The Spirit of MI approach is more likely to help Sal move forward in making changes to better manage his asthma because in that approach he is the driving factor in what changes he wants to make, why he wants to make the changes, rather than being told what he needs to do.
Question 2: I feel two ways about my beverage consumption, specifically my preference of diet soda (Diet Pepsi primarily) over water. “I feel ambivalent about making a change to drink more water than diet soda.”
One side of the ambivalence: “Water doesn’t taste good to me.” “I need to take more bathroom breaks when drinking water compared to diet soda.” “I like the energy that I get from diet soda.”
The other side of the ambivalence: “I know that artificial sweeteners are unhealthy.” “Water is important to healthy body function and weight loss.” “I want to role model healthy behaviors for my kids and my students.”
Double Sided Reflection:
“Kristin, on one hand, you don’t enjoy the flavor of water, but on the other hand you realize that artificial sweetners aren’t healthy for you.”
“Kristin, one one hand, you see the importance of drinking water to have healthy body functions and to lose weight, but on the other hand you have to take more bathroom breaks when you drink water.”
“Kristin, on one hand you like the energy you get from the caffeine in your diet soda, but on the other hand you want to be a healthy role model for your students and your own children.”
When doing the activity, before doing the actual assignment questions, I tried combining it all into one double sided reflection, which was ““Kristin, one the one hand you are constantly tired at night and the caffeine in diet soda helps you get through the day, working, and raising three kids. It can be difficult to make the time to take bathroom breaks when you are already feeling so busy. On the other hand, drinking water fits with your long-term goals of losing weight and being healthier for your children.”

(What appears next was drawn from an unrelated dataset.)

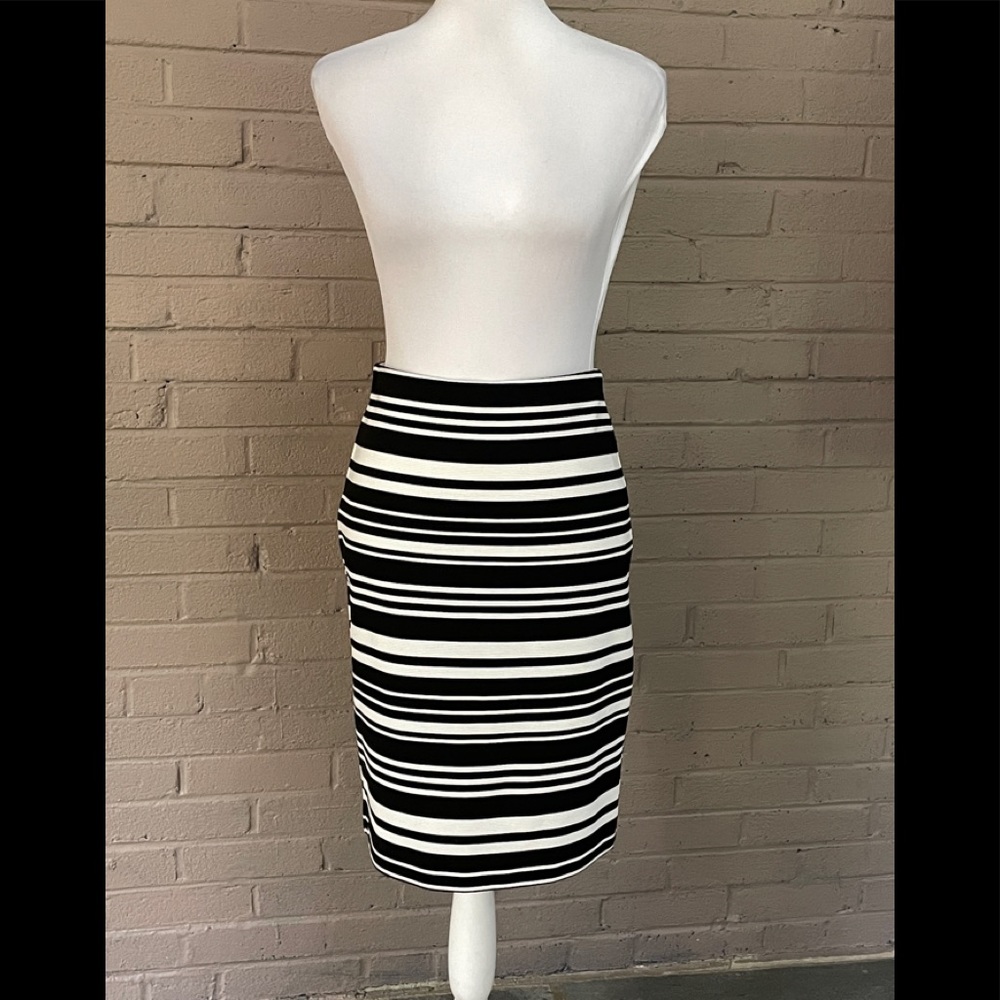 Ann Taylor striped pencil skirt 0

My general reaction to this exercise was thinking about the similarities to doing a pros and cons list, which is an approach that I tend to go toward, even if it is not done formally in writing. The reflective listening responses didn’t have a big impact on my ambivalence but it did contribute to me engaging in some mental problem solving, such as replacing some of my Diet Pepsi with canned seltzer water that contains caffeine.
Consumer generated target behaviors: “Quit vaping” “Get school staff off back” “Be able to reach adulthood with autonomy around life choices”
Target behaviors on my agenda: “Quit vaping” “stop being high on marijuana when it is time for class” “find an approach to learning that fits this individual”
And in my setting, in addition to target behaviors on my agenda, there are also target behaviors that would be on the agenda of my employers; some examples of these would be “attend classes” “complete assignments” “refrain from using marijuana”.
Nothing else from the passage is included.